À mesa falámos de nós, da nossa vida. Lambemos por alto a complexidade das cabeças dos dezoito mundos que vivem na “província”, sem entrarmos na vida alheia. Ele sabe que eu não gosto disso, mas eu também sei que ele não se presta a tal. Juro que há muito que tenho a convicção de que ele é um leitor meu. Acho que valoriza muito as diversas valências que diz que tenho, entre as quais a capacidade de escrever.
Saídos do restaurante, enquanto coxeava, falava-me sobre a escrita e o dom da escrita e tentava tirar de mim uma explicação sobre os meus sentimentos, para entender a motivação da escrita e o que é que sente um escritor, quando publica um texto. Zezé quer entender a utopia e o lado mágico da escrita. Quer entender e viver por dentro, nem que seja por um segundo, a soberba magia de sonhar.
Perguntou-me concretamente: - Olha lá, o que é que tu sentes quando escreves, quando jogas com as palavras, o que sentes? Sentes que os textos deixam de ser teus quando os publicas? Como vês tu os textos que escreves depois de os publicar?
Tentei explicar-lhe que eu descrevo o meu estado de alma, descrevo as minhas emoções e sacudo as ideias que não cabem em mim; salientei que o meu objectivo é que alguém qualquer, ao ler o meu texto, se sinta identificado nele e com ele.
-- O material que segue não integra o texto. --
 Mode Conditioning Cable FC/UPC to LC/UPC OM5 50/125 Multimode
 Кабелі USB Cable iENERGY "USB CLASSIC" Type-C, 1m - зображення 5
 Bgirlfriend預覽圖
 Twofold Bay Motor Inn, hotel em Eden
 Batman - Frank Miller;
Disse-lhe que me realizo bastante quando termino a arrumação das palavras, muitas vezes mais do que cem palavras e depois é o vazio, que dá lugar a que tudo comece de novo! Confessei-lhe que não gosto de autores que elaboram frases quadradas em textos ocos, com o fito na pomposidade das frases, que gritam ao mundo, de megafone nas mãos, as ideias bacocas.
Passámos ambos a tarde em minha casa, agarrados às violas. Confesso que afinal, nesta matéria, estou ligeiramente atrasado em relação a ele.
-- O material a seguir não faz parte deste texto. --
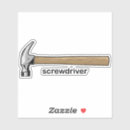 Suche nach schraubenzieher aufkleber Tun sie selbst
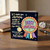 Grandpa Birthday Card, Best Grandpa Out of This World Moon and Stars Card
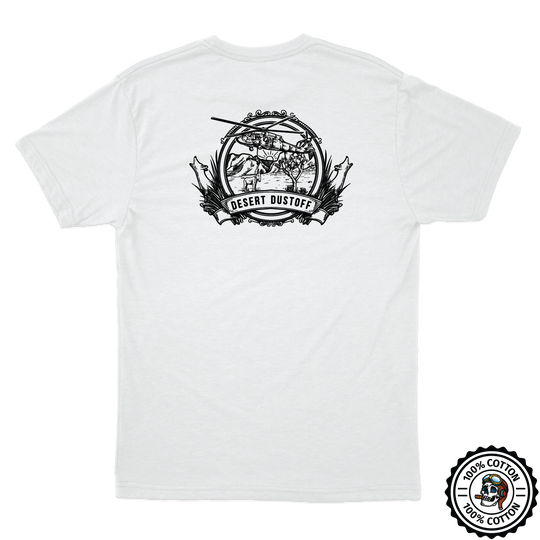 C Co, 2916 AVN BN "Desert Dustoff" T-Shirts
E lá se foi embora, à noitinha, coxeando pelo corredor fora, com as dores que o apoquentam e com o violão já cansado às costas. Fiquei contente pela visita e triste, porque o meu coração é pequenino para ficar com as dores dele. Ao meu Irmão Zezé prometo escrever sempre com alma e arrumar as letras de forma simples, de tal jeito que ele se convença sempre, ao ler-me , que as arrumei a pedido dele. Por ser meu irmão e meu amigo arrumei estas palavras para ele, com muito amor e carinho.